**Exercise brief:** Print the data exactly. Pictures stay out.

**Information shown:**
——————————
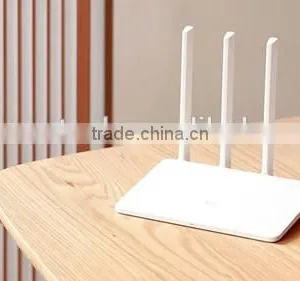 Original Xiaomi Router 3 Mini Mi WiFi Router 4 Antenna Roteador Dual Band 2.4G/5G 867Mbps USB With Smartphone APP Control thumbnail-3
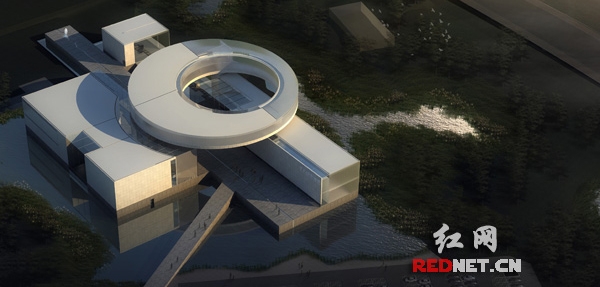 長沙添世界級文化地標:李自健美術館正式開館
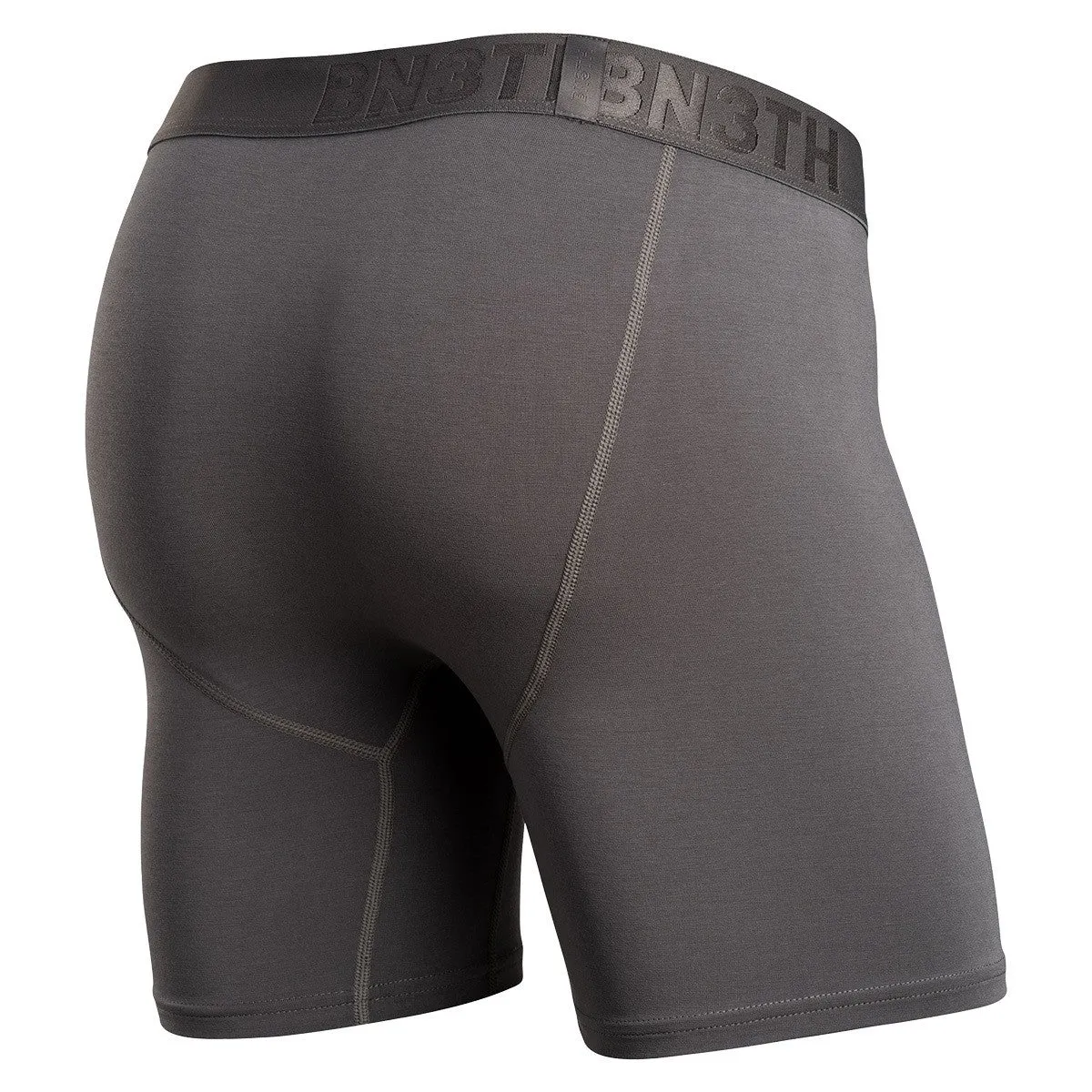 Bn3Th Classic Boxer Brief - Solid Gargoyle sold by Sun Diego Boardshops product image thumbnail 2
——————————
**Solution for this problem:**
 Original Xiaomi Router 3 Mini Mi WiFi Router 4 Antenna Roteador Dual Band 2.4G/5G 867Mbps USB With Smartphone APP Control thumbnail-3
 長沙添世界級文化地標:李自健美術館正式開館
 Bn3Th Classic Boxer Brief - Solid Gargoyle sold by Sun Diego Boardshops product image thumbnail 2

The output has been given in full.